Riverso per terra poco distante
dall'altare, il pensionato viene soccorso dalle persone che erano con
lui a messa e che, con lui, facevano parte di una specie di circolo
di lettori di libri gialli.
La dottoressa Salati, l'ex maresciallo
Scialoja, i farmacisti Parodi, l'insegnante Scaturchio. E poi, la
seconda moglie Carmen Cabrera in Bruzzone e un aspirante scrittore di
libri gialli Malpighi.
E' la dottoressa stessa a capire che
quello che all'inizio viene scambiato per un malore, è in realtà
qualcosa di peggio:
«Chiamala subito, Carlo» rispose finalmente, la voce che tremava. «Ma chiama anche la polizia. Credo che Sergio sia appena stato ucciso.»

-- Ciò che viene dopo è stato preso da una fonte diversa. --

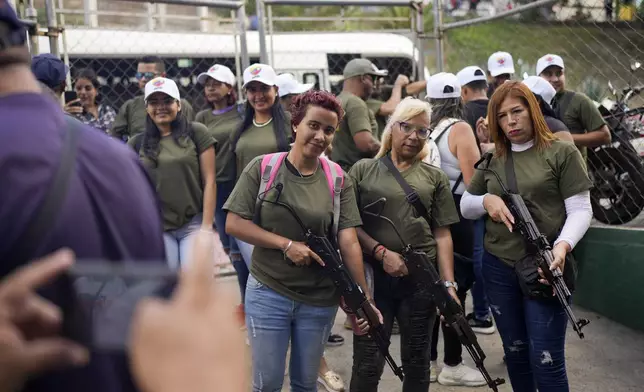 Members of government-backed militias pose with rifles prior to a march in Caracas, Venezuela, Tuesday, Jan. 7, 2025, days ahead of President Nicolas Maduro's inauguration for a third term. (AP Photo/Matias Delacroix)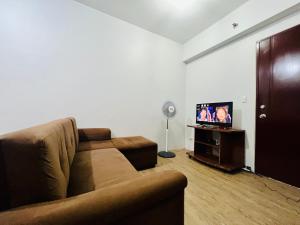 ein Wohnzimmer mit einem Sofa und einem Flachbild-TV in der Unterkunft At Home Condo With Free Pool Access in Manila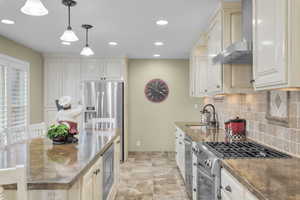 Kitchen with sink, wall chimney exhaust hood, cream cabinets, decorative light fixtures, and appliances with stainless steel finishes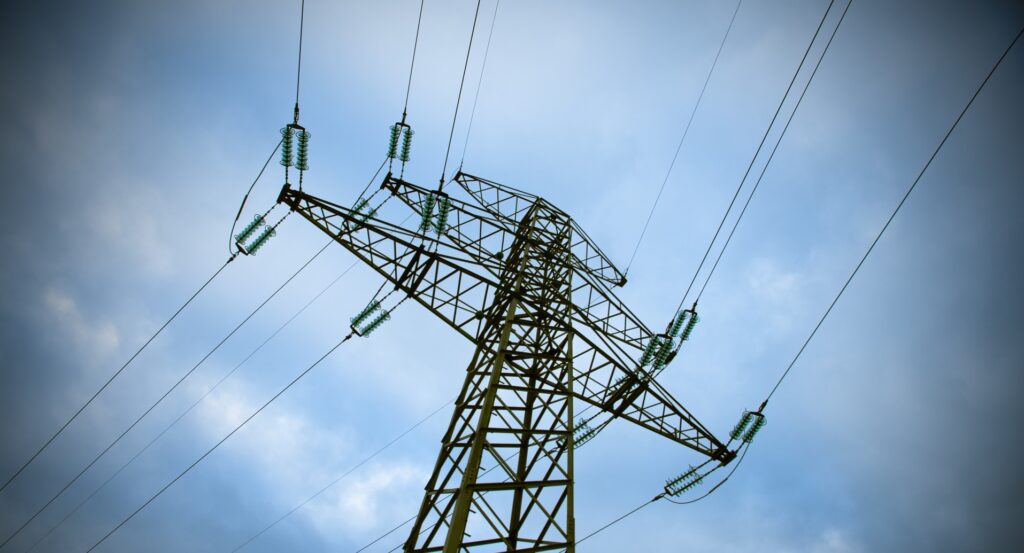 ergon demand based tariff electricity pylon against a blue sky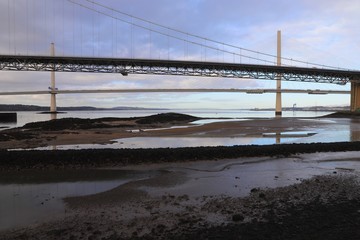 Firth of Forth at low tide with road bridges in background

Quella che sembrava essere una
tranquilla domenica mattina si trasforma per Nigra nell'ennesima
giornata di lavoro assieme ai colleghi della sua variopinta squadra:
il molto raccomandato vice Musso, l'ipocondriaco ispettore
Caccialepori e l'assistente Santamaria, con la sua pipa in bocca.
«Quindi lei non ha dubbi? Bruzzone è stato ucciso?» «Cianuro» rispose lei di slancio, come se non aspettasse altro.
Un delitto in una stanza chiusa può
essere il caso più semplice da risolvere ma anche il più difficile:
chi può aver avvelenato l'ex insegnante? Il prete è, materialmente
quello che avrebbe avuto maggiori possibilità, ma, andando a sentire
i diversi personaggi, si scopre che tutti potevano avere un motivo di
astio nei confronti del morto, per le sue battute cattive. Battute
che pungevano le persone del circolo toccando i loro segreti.
Quello che non era mai riuscito a digerire era l’impressione di incongruenza dei contesti apparentemente puliti come quello in cui si trovava adesso, bolle di vita tranquilla e rispettabile, dove il male non poteva essere nominato nemmeno come ipotesi.
Come si può
sospettare di essere un assassinio un prete, una insegnante in
pensione, due tranquilli farmacisti, un carabiniere.. oppure uno che
si crede uno scrittore (ma che deve pagare per veder pubblicati i
libri)?
Persone che si
trovavano ogni settimana, a parlare di libri gialli e delitti, una
specie di circolo (da cui era esclusa la moglie, forse perché
immigrata, cioè esterna a quella cerchia).
Persone
all'apparenza irreprensibili, persone normali, brava gente dunque.
Ma in questa storia
bisogna stare attenti ai pregiudizi: non solo quelli nei
confronti degli omosessuali, come sa ben Nigra, costretto a
nascondere la sua relazione con l'attore napoletano Rocco, guarda
caso attore in una famosa fiction dove interpreta un commissario che
risolve sempre in modo brillante i casi.
No, qui ci sono
altri pregiudizi, quelli che portano a dare dei giudizi nei confronti
degli altri usando i propri preconcetti. Per esempio quelli contro
gli immigrati.
Come la moglie del
morto, Carmen, accusata di essersi spostata l'italiano per mettersi a
posto.
O come gli altri
immigrati che, come ci racconta in modo dettagliato certa stampa,
spacciano e commettono piccoli reati nei vicoli del centro di Genova,
dimenticandosi che la droga a Genova (e nel resto del nord) arriva
grazie alla ndrangheta.
Italiani
brava gente, che rispettano le leggi, mica come quelli là, arabi,
nordafricani, clandestini, che stanno portando il degrado nelle
nostre città. Ma sono italiani che quando hanno problemi non si
rivolgono ai vigili o allo Stato, ma ai cravattari o a personaggi
poco raccomandabili.
«Ogni giorno c’è una notizia su un immigrato, sì. Però si omette il dettaglio che qui spesso sono le ’ndrine calabresi ad affidare ai marocchini lo spaccio, e ai nigeriani e ai pakistani il compito di fare da vedette.»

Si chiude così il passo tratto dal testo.